Here are representative flatfields in all three cameras. The images shown here are inverted, meaning that dark areas have higher relative sensitivity while bright areas have lower relative sensitivity. This is the way flatfield reference files (used in the calibration pipeline) appear, because the pipeline *multiplies* the data by the reference file.
In un-flattened images with background signal, the background will be modulated by this sensitivity pattern, so un-flattened data will look a bit like the inverse of the images shown here. The large scale structure seen in these images is somewhat wavelength dependent, and so will be slightly different depending upon which filter the flat was taken through. The "pedestal effect," or any incorrect dark (bias) subtraction, can also imprint the flat field pattern on data. Please see the section on pedestal below.
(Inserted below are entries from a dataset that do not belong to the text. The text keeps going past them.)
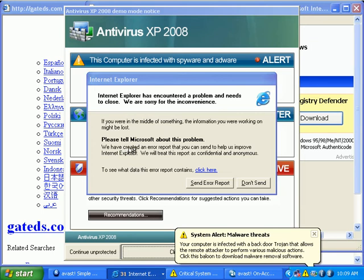If any Avast reps want samples of my malware that's still left on the box, I can go ahead and give it to you.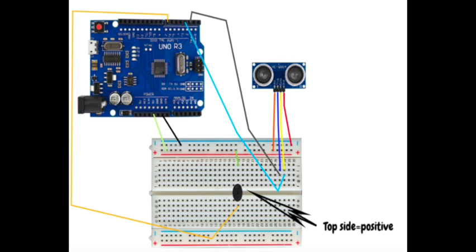Connect up all the components exactly as they appear in the schematic diagram, which can be found at link 2 below. After you are finished, carefully trace all the connections to ensure they go to exactly the right sections of the Arduino, the breadboard, and the ultrasonic sensor.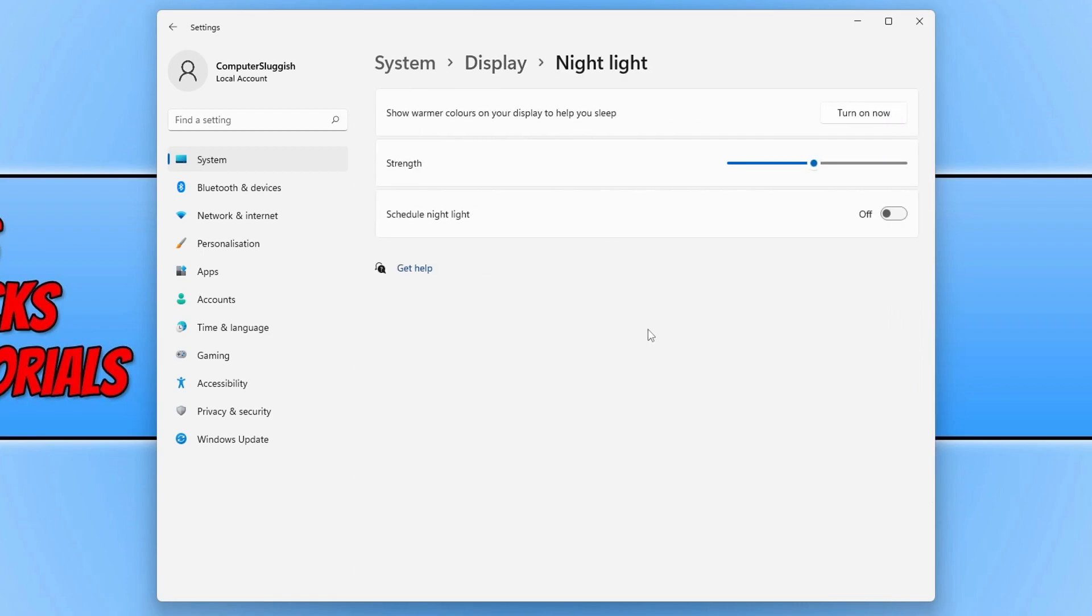So we can change the strength and we can also schedule what time we want the nightlight to turn on. So to begin with, let's look at the strength.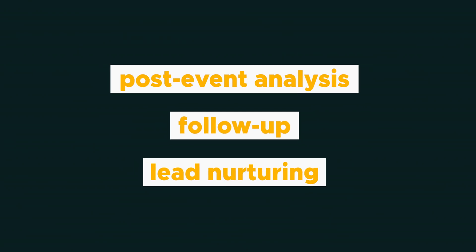And don't forget post-event analysis, follow-up and lead nurturing. So let me show you how easy it is to set up a summit.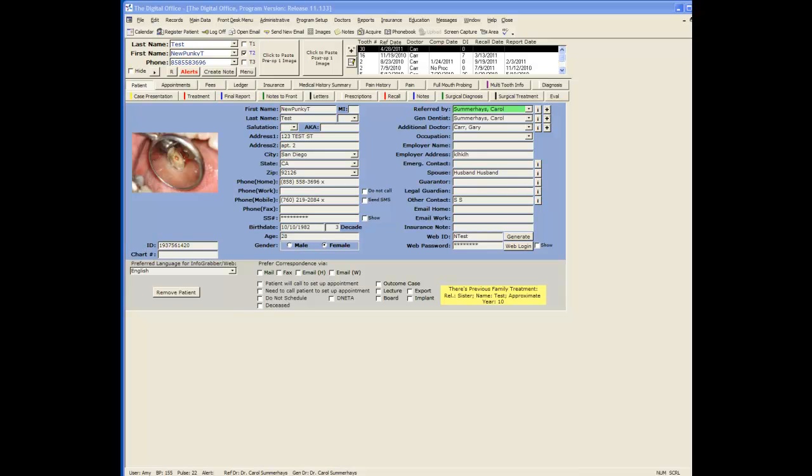Creating a CBCT report using TDO is very fast and efficient. To get started, go to your patient that has the CBCT image that you wish to do a report on.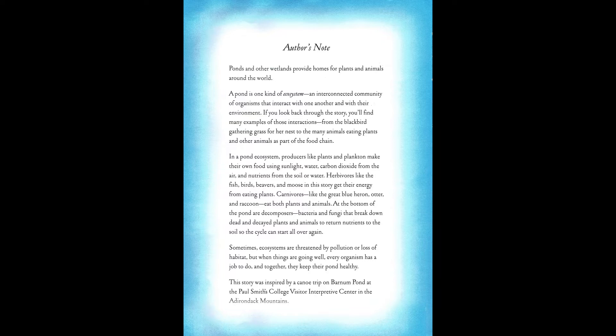Sometimes, ecosystems are threatened by pollution or loss of habitat. But when things are going well, every organism has a job to do, and together, they keep their pond healthy. This story was inspired by a canoe trip on Barnum Pond at Paul Smith's College Visitor Interpretive Center in the Adirondack Mountains.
There are as many different cures for flatfield problems as there are observers. If your data still retain flatfield features after correcting for pedestal, bias jumps, and the like, you may want to reprocess the data with an enhanced flatfield. Add or subtract a constant (depending on whether the pipeline flat over- or under-corrects the data) to a copy of the pipeline flat, renormalize it, and reprocess the data using this flat. Alternatively, you may have objects with unusual colors in your image. If so, you may want to make a color-dependent flat field and process your data with that.
Temperature-Specific NICMOS Flatfield Generator is available to facilitate the making of flatfield reference files corresponding to a specific temperature.